Итак, этот кусок Фонтанки — черные ходы. А парадные — на параллельной улице, Толмачевой. По старинке ее иногда называют Караванной, но для нас она Толмачева. Толмачев был мальчик двадцати с чем–то лет и погиб в гражданскую войну. Он совершил подвиг, стал героем, и вот в его честь назвали улицу. А сейчас я думаю: может быть, он, как мы, дурачки, ходил с каким–нибудь устрашающим паролем, мечтал найти шпиона и… нарвался однажды то ли на пьяного, то ли на испуганного с пистолетом в руках… Нет, нет… не насмешничаю. Земля пухом всем погибшим… всем несмышленым… Это я так… скепсис преклонного возраста.

Улица Толмачева (Караванная) — это знаменитая улица. Длиной она меньше километра, а перечислю, что на ней есть — не поверите! Зимний стадион, Дом кино, детский кинотеатр «Родина», чуть правее Дом радио — отсюда все передачи, постамент памятника Гоголю (в сорок восьмом году ставили, я присутствовал, но самого памятника до сих пор нет), выход из кинотеатра «Аврора» — каждые полтора часа круглый год и каждый день оттуда вываливается толпа, прямо напротив наших окон. И, наконец, знаменитая булочная на углу Невского с потрясающим (во все времена) кондитерским отделом. Напомню еще, что одним концом улица упирается в цирк , а другим в Аничков дворец (городской Дворец пионеров). Чего еще надо?

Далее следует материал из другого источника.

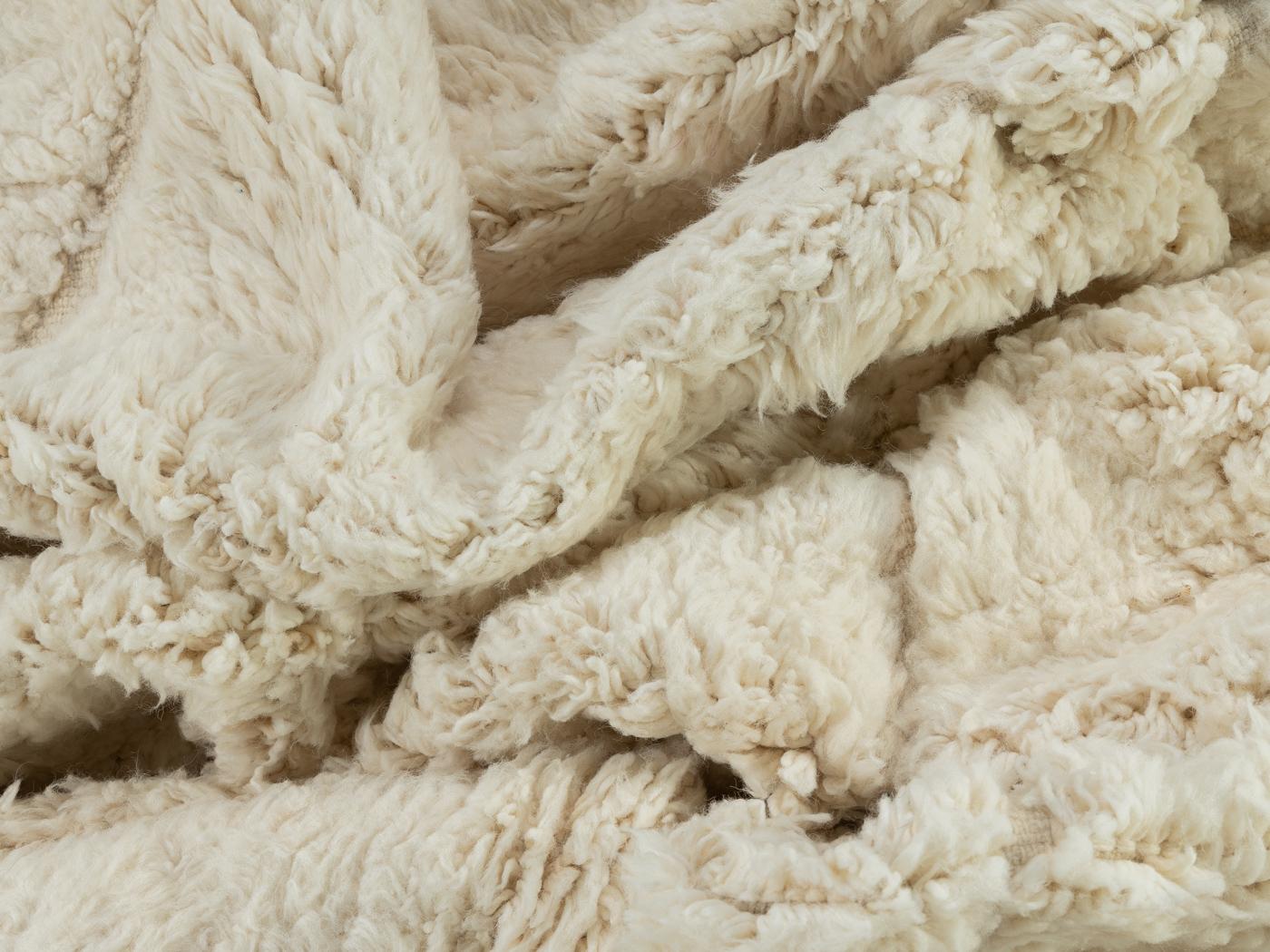 Handgefertigter Beni Ourain 100% Marokkanischer Berberteppich aus Wolle im Angebot 1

Тут мы и живем — Толмачева, дом 26, квартира 8. К нам два звонка. К Каплунам — один. К Залесским — три. К Лиде — четыре. К Праховым, Гурьеву и Никитину — вход с черной лестницы, там звонок общий или нужно стучать. Квартира проходная. Телефон коммунальный А 5–26–39.

Думаете, сочиняю? Привираю подробности? Нет! Много было квартир в моей жизни, много было номеров телефонов — перезабыл. А этот — А 5–26–39 — помню. И вот еще: прошло пятьдесят лет, и в девяносто девятом году в городе Нью–Йорке на концерте в Карнеги Холл получаю записку: «Сережа! Это я, Лина Каплун с Толмачевой, к нам был один звонок. Я тебя подожду у выхода после конца. Хочу тебя повидать».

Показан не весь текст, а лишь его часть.